Friday, August 03, 2007

UD Has Always Been Intrigued...

...by skilled propagandists, people who know how to use language in order to frighten people into agreeing with them. The last piece of writing she looked at in detail along these lines was about Patrick Henry College, fascist Christian robot manufacturer. Here's another good one, by Tom Hayden in The Nation. My commentary's included.

Should a human rights center at the nation's most prestigious university be collaborating with the top US general in Iraq in designing the counter-insurgency doctrine behind the current military surge? [The genius of this opening sentence lies in the word "collaborating." The subject is the military, and the relationship between the military and the university. There's a well-known history, on which the writer is depending, involving CIA/university collaboration, as well as other forms of collaboration. Our other association with the word "collaborating," on which the writer equally depends, is the disgusting history of European collaboration with the Nazis. An excellent opening gambit.]
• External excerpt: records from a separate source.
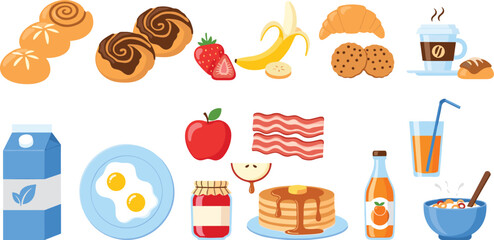Breakfast food collection with eggs pancakes croissant coffee juice cereal and fruits morning meal vector illustration set © Kharshad Creative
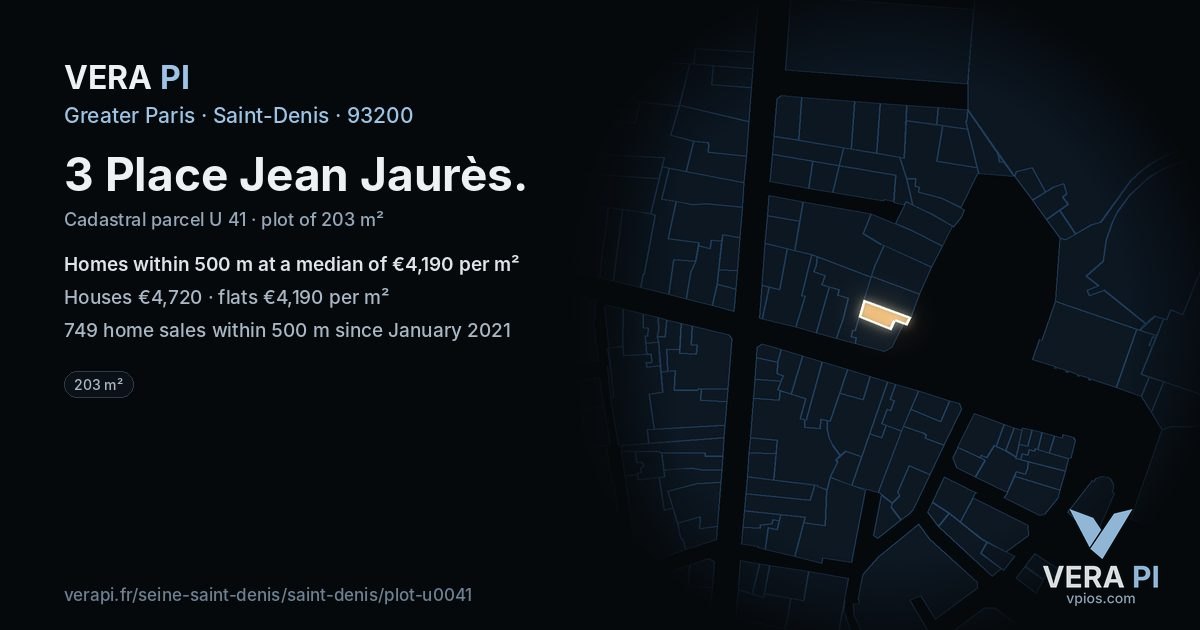 3 Place Jean Jaurès, Saint-Denis at night – the plot lit, the parcels around coloured by the prices near them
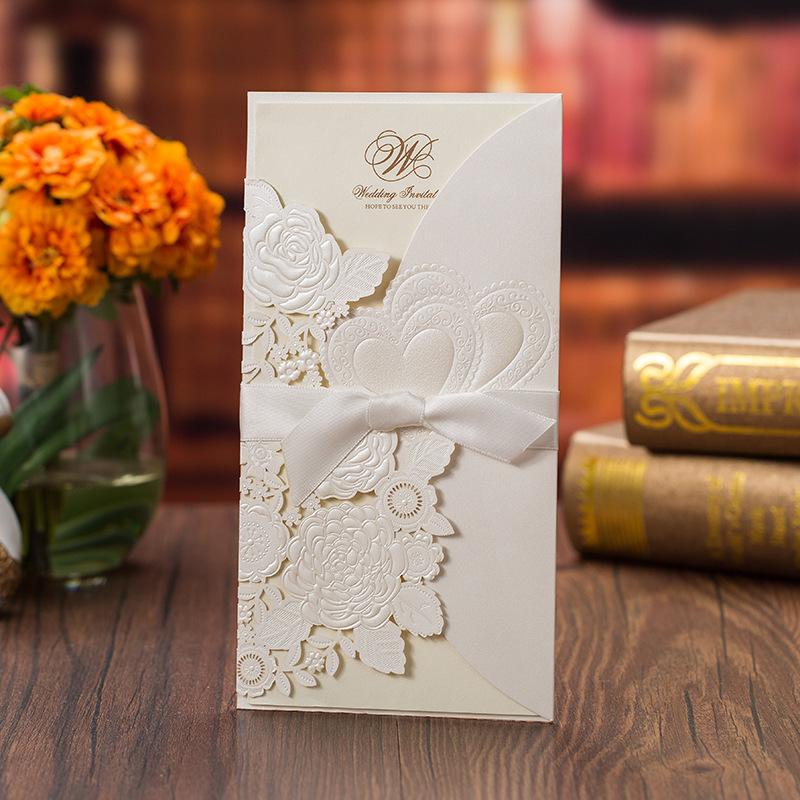 

50pcs Laser Cut White Navy Blue Wedding Invitations Cards with Bronzing Heart Flowers for Engagement Bridal Shower,Customizable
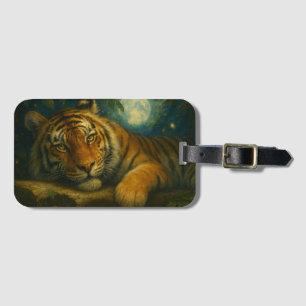 Watercolor Tiger Resting in Night Forest Luggage Tag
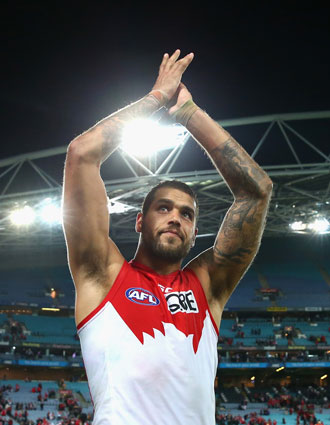 Feel the love: Franklin after the Swans' win on Friday. Photo: Getty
Led by Gen. David Petraeus, the so-called surge--an escalation of over 25,000 American troops--is resulting in hundreds of killings, mass roundups, door-to-door break-ins, and military offensives in Baghdad, Al-Anbar and Diyala provinces, on the side of a deeply-sectarian Baghdad regime which, according to the White House benchmarks report, still compiles official lists of Sunni Arabs targeted for detention or death. The counter-insurgency campaign is explained as a military way to create "space" for Iraqis to reach a political solution without violent interference. [No problem here, although the writer's already implicitly suggesting collaborative support of this policy on the part of a still-unnamed university.]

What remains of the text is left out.